いきなりすぎるでしょ、いくらなんでも。
というか、信じられない。
「驚いた? 桐島さんはね、あの有名大学の四年生なのよお!」
興奮気味に話すお母さんにドン引き。
なんでもこの桐島さんという人は、この辺でもかなり有名な難関大学の四年生、二十二歳。
お母さんは今日担任からあたしがオール赤点をとったと電話で聞かされて、すぐにカテキョ依頼したらしい。

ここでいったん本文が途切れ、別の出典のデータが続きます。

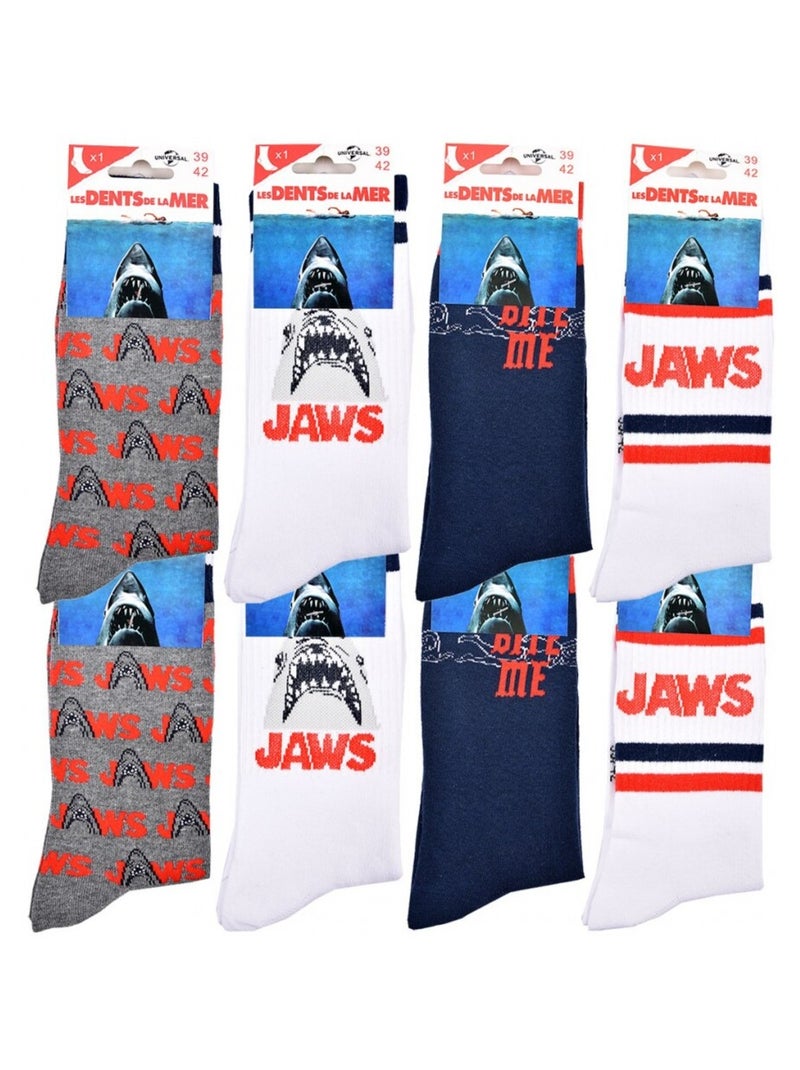 Chaussettes Pack HOMME JAWS - Pack de 8 Gris Bleu marine Blanc - Kiabi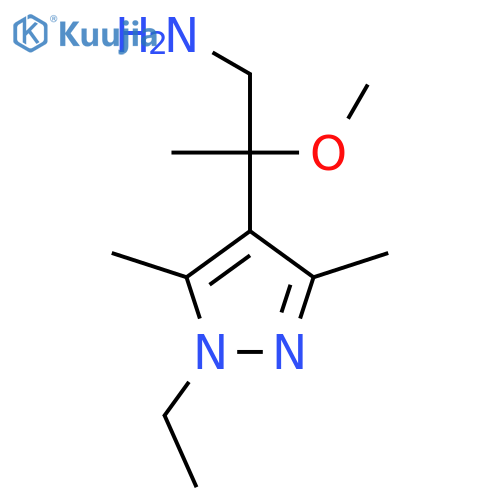 2-(1-ethyl-3,5-dimethyl-1H-pyrazol-4-yl)-2-methoxypropan-1-amine structure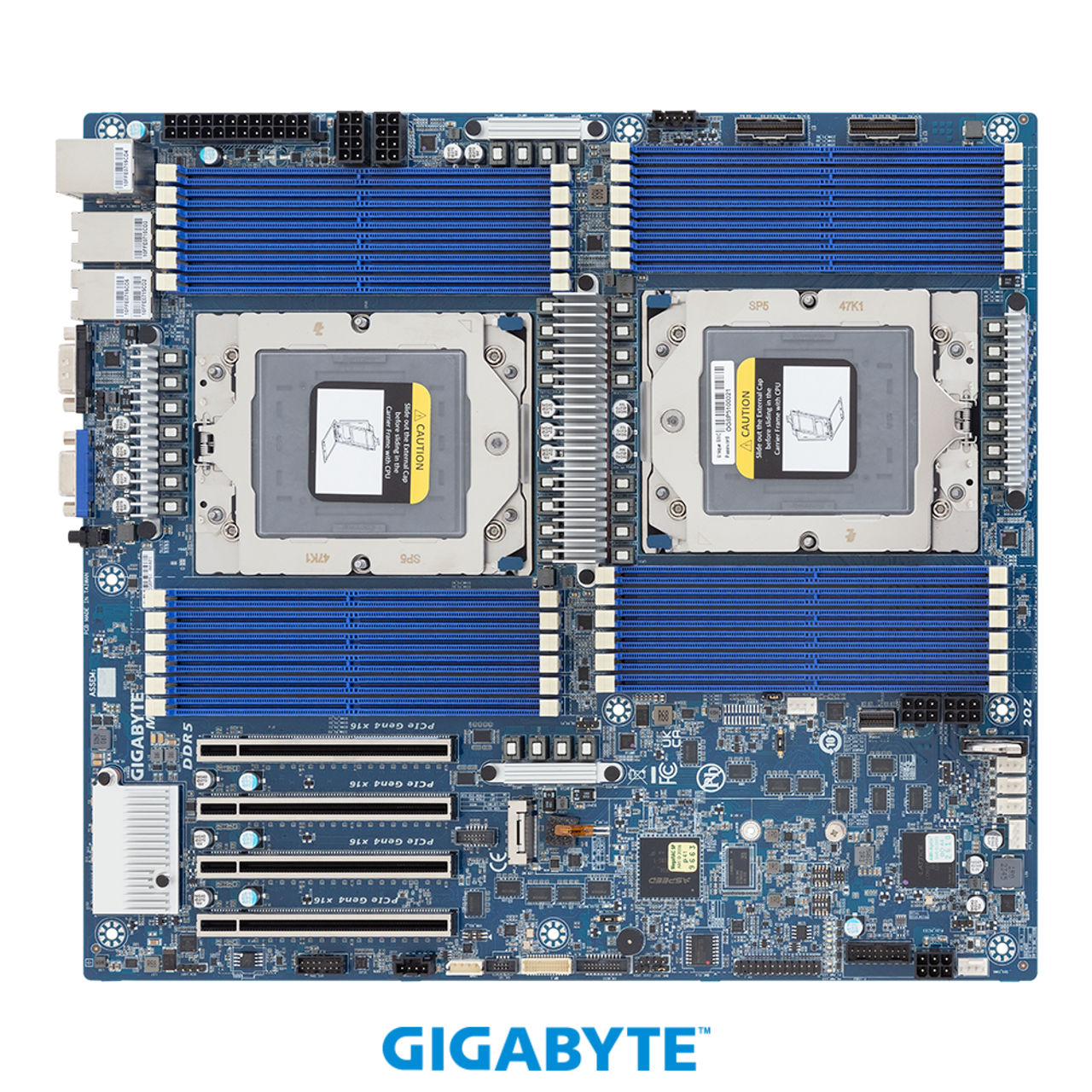 Gigabyte Server Motherboard - AMD EPYC 9005/9004 DP, 4x Gen4 PCIe, E-ATX MZ73-LM1
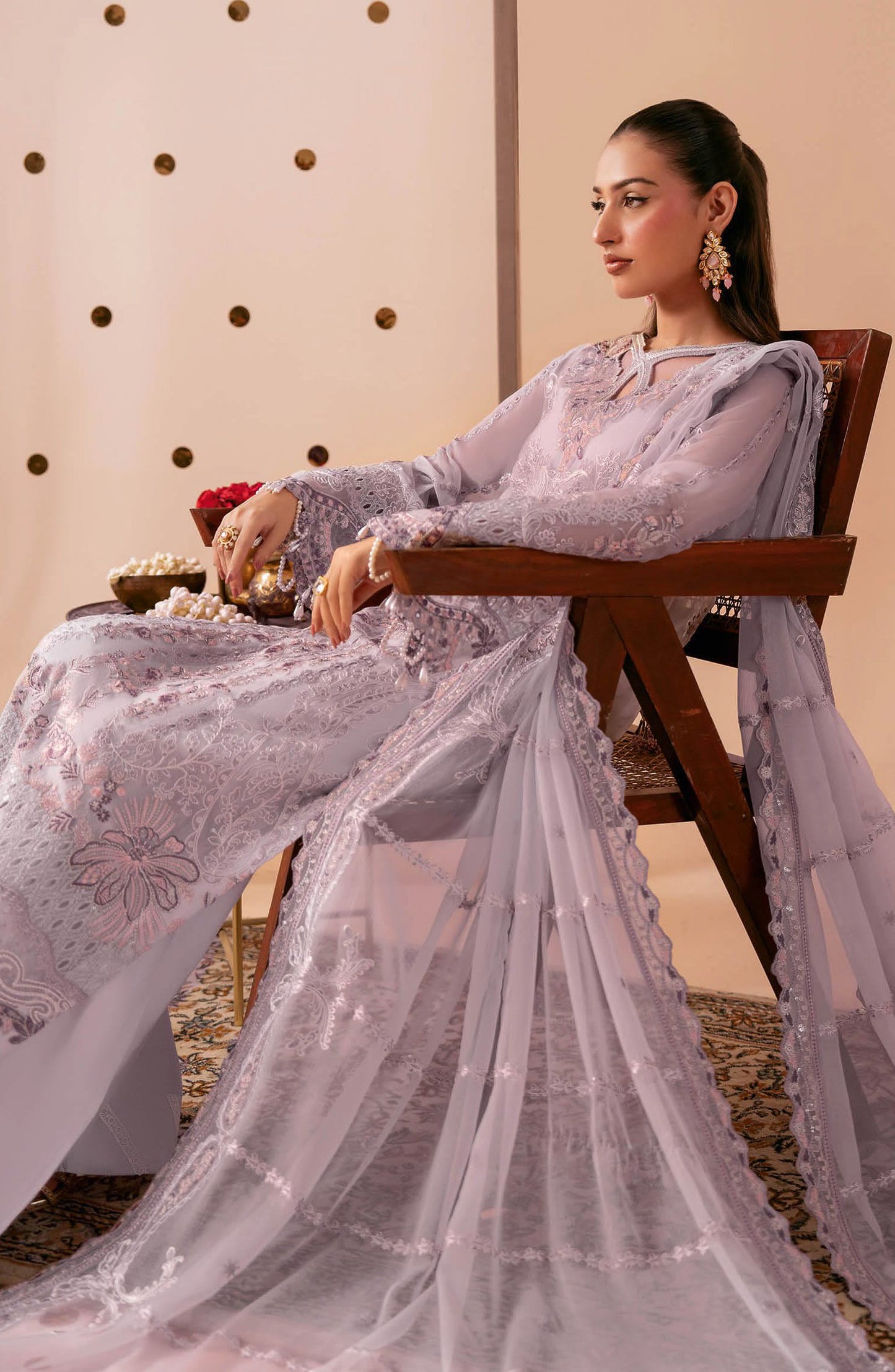Dastak by Ramsha Premium Embroidered Chiffon Unstitched 3 Piece Suit - Q-308 - RM26DTK - Purple - Festive Collection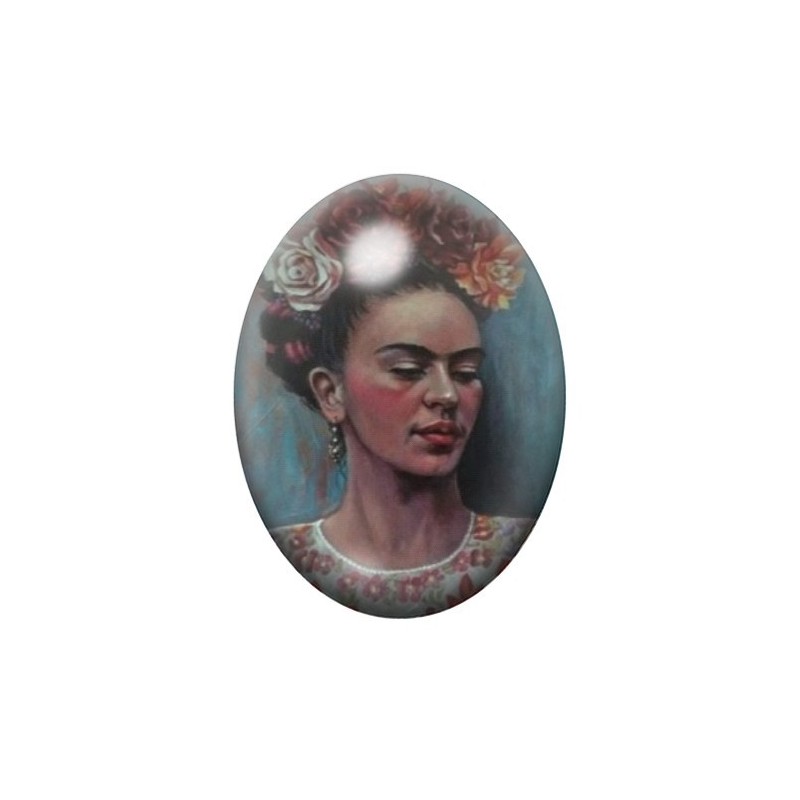 Cabochon en Verre Illustré Frida Khalo 13x18, 18x25 ou 30x40mm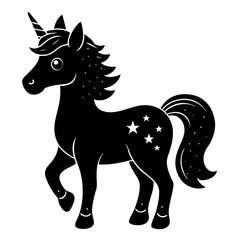 Cute Unicorn Silhouette Line Art  Black Vector Carton Illustration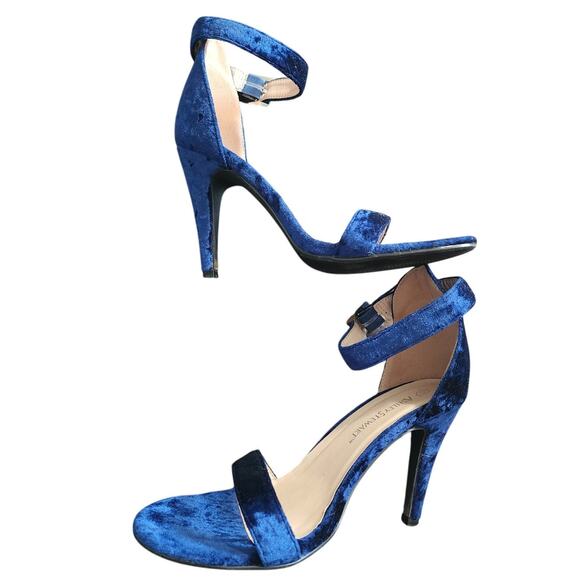 Ashley Stewart Blue Velvet Open Toe Heels Size 10W - Picture 4 of 7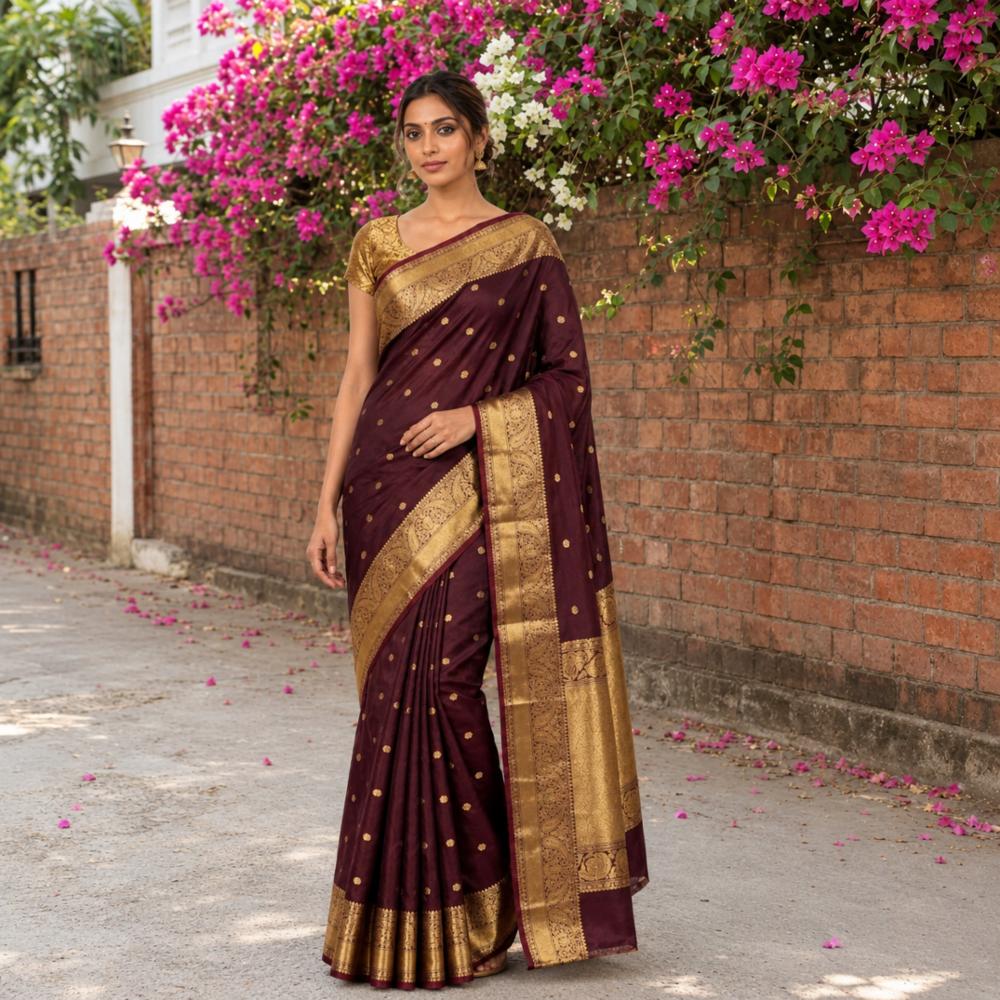 Women's Maroon Banarasi Semi-Katan Saree with Rich Golden Zari Border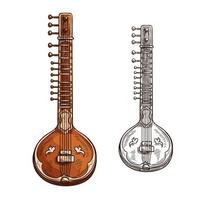 vector, bosquejo, sitar, instrumento musical, icono vector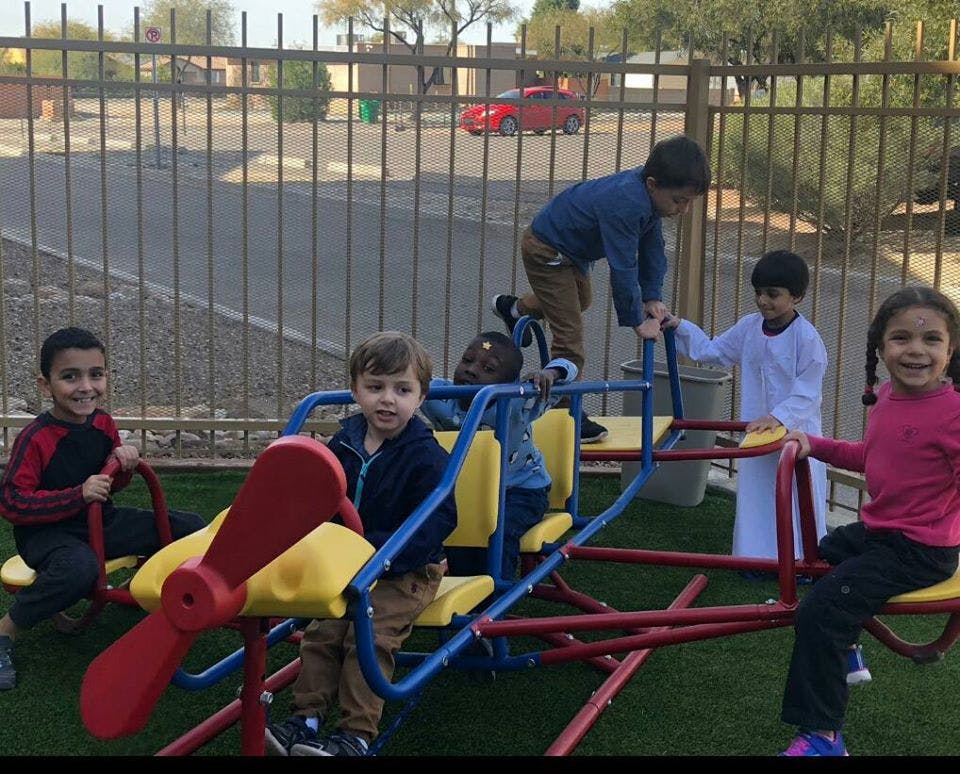 Children playing on a playground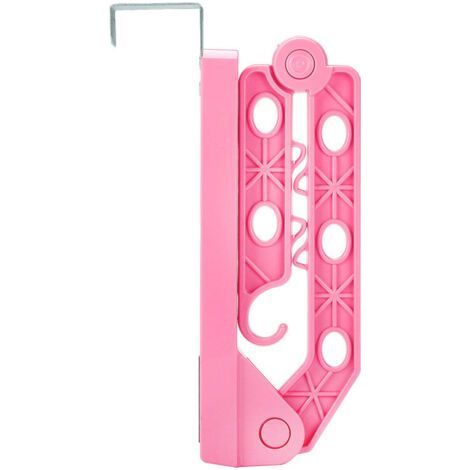 Cintre de porte de voyage pliable, vêtements de bébé, serviettes, chaussettes, robes, pantalons, sacs, etc., cintre en plastique intelligent(Rose) (1/5)
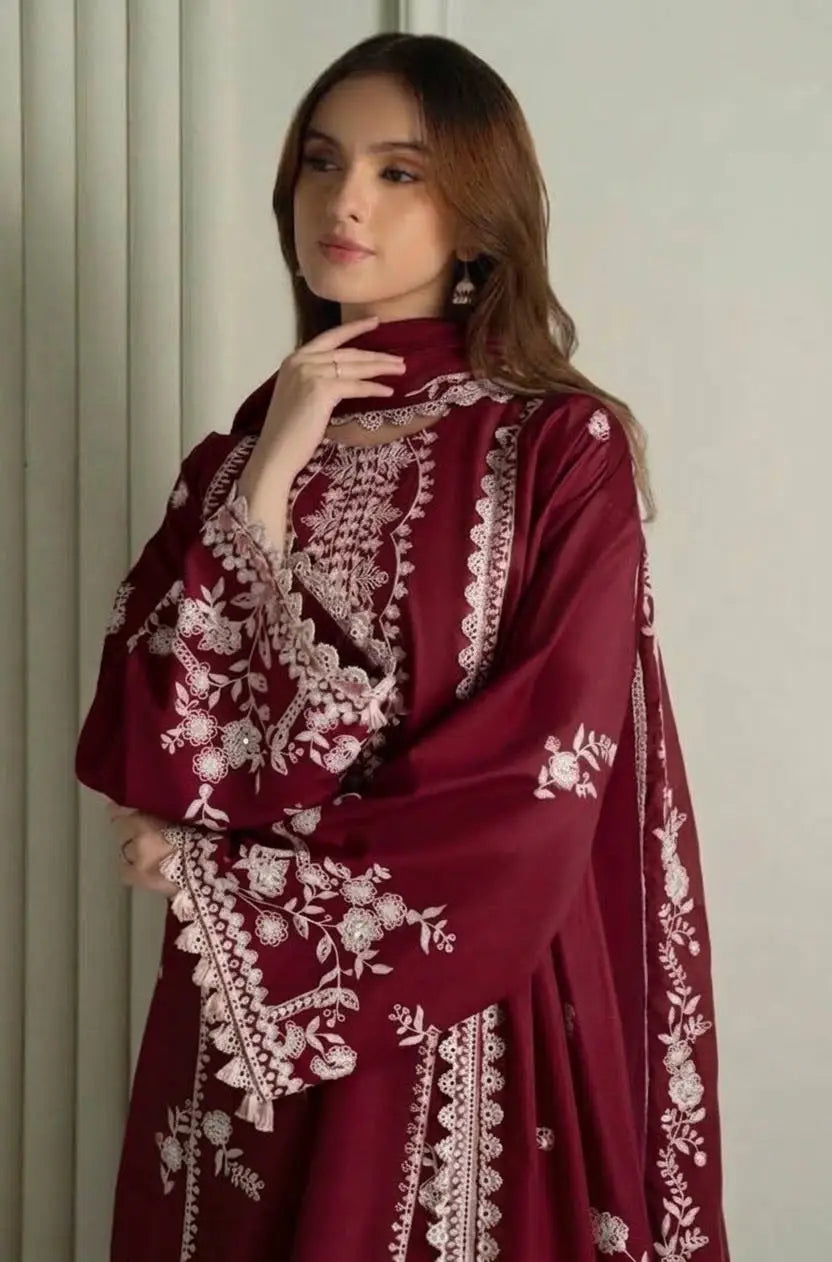 Women's Unstitched Embroidered Suit 3-Piece MZ1734200554MHSE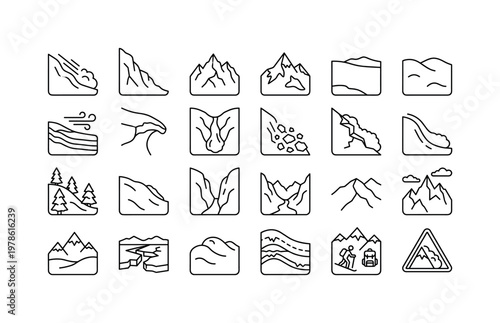 Avalanche environments with snowy slopes backcountry terrain mountain faces and winter hazard landscapes clean monoline outline
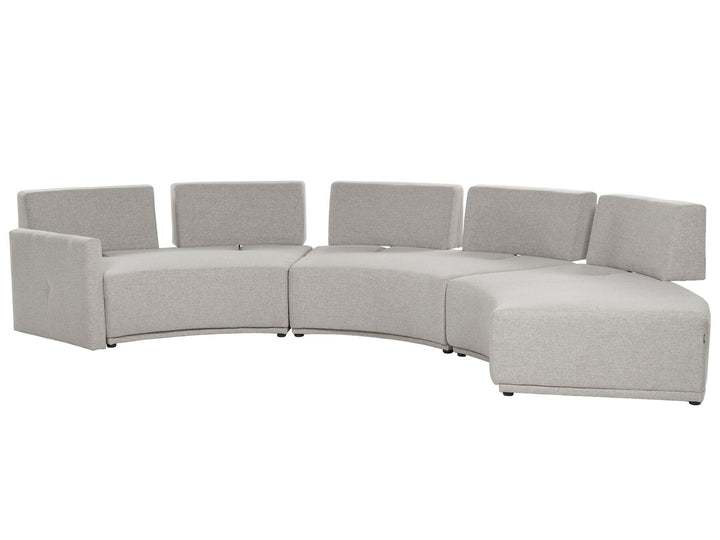 Bolen 6 Seater Curved Linen Sofa Grey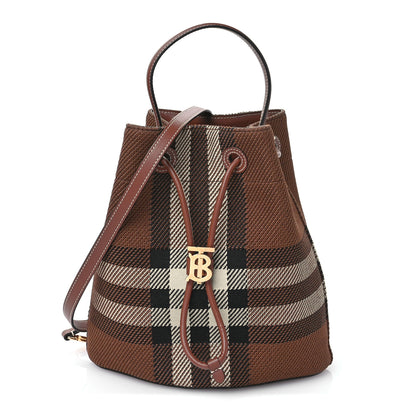 Burberry Knitted Check Calfskin TB Small Drawstring Bucket Bag Dark Birch Brown 1 of 11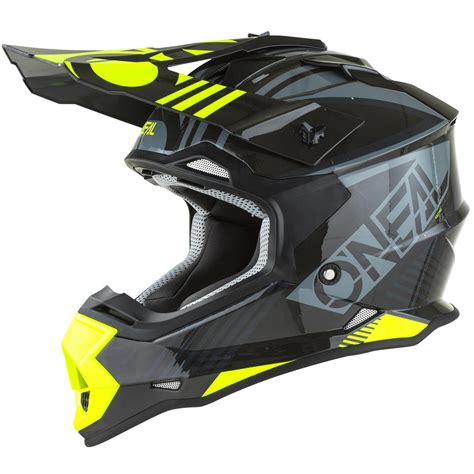 O Neal MX Helmet 2SRS Rush Grey Neon Yellow Maciag Offroad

よくもまあそんな優秀な人に、こんな急なのにカテキョ引き受けてもらえたよね。
それにしてもお母さん、機嫌よすぎ。
イケメン好きなのはわかるけど。
たしかにかっこいいし爽やか系イケメンだけど、この笑顔とか超胡散臭い。
絶対裏があるって。
……っていうかカテキョか。
あたし、放課後みっちり鬼補習の予定を担任に入れられたんですけど。
まさかの補習終わりにもまた勉強?
勉強漬けのスタディーライフ?
……マジで、死ぬ。
絶望的だよ、本当に。
でも、このお兄さんに勉強教えてもらったからといって、この超バカなあたしの成績が良くなるのかすら疑問だし。
愛想つかされて、カテキョやめるとか言い出すんじゃないのかな。
うん、ありえる。
だって、あたしの成績ってそのくらいボロボロだし。